Theflyonthewall.com recently reported that there was go private chatter related to Starwood Hotels.  No offense to HOT shareholders – lodging stocks look interesting to us too – but the chances of a large company going private in our space over the near term are very slim.  Here is why:

  • Debt markets are not available for deal leverage
    • Max leverage for super high quality stuff is 5.5x and for meat and potato, it's 4.5x
    • All the peak deals were done in the CMBS markets, which aren’t really back
  • HOT does not own enough real estate for LBO.  Blackstone was able to take Hilton private given the frothy financing environment for real estate.
    • It’s not that cheap
    • Fritz likes being public and likes his job, so we don’t think the interest is there.  There is no one on the board likely to encourage them to do it
  • CEOs are not interested in M&A.  They are chasing new Greenfield opportunities.
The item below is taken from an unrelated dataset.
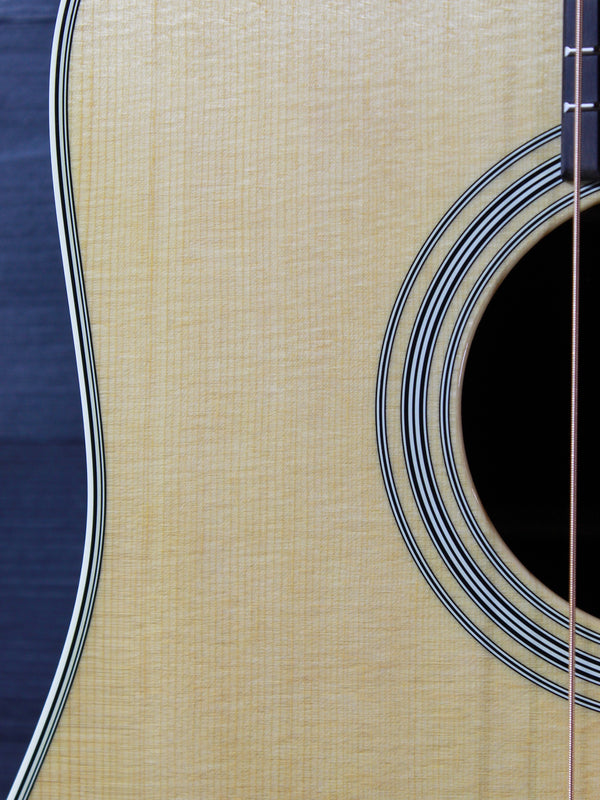 Martin D-28 Standard Series Rosewood Dreadnought - Acoustic Guitar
  • M&A deals over the last 5 quarters or shall I say lack thereof:
    • ProLogis/AMB
    • Ventas/NHP
    • Corporate properties associates ($916MM)
  • There was the Sonesta deal yesterday.  However, it's a micro cap transaction and is more of an asset sale rather than M&A since their main asset sold - Royal Sonesta Hotel Boston - accounted for 86% of the purchase price.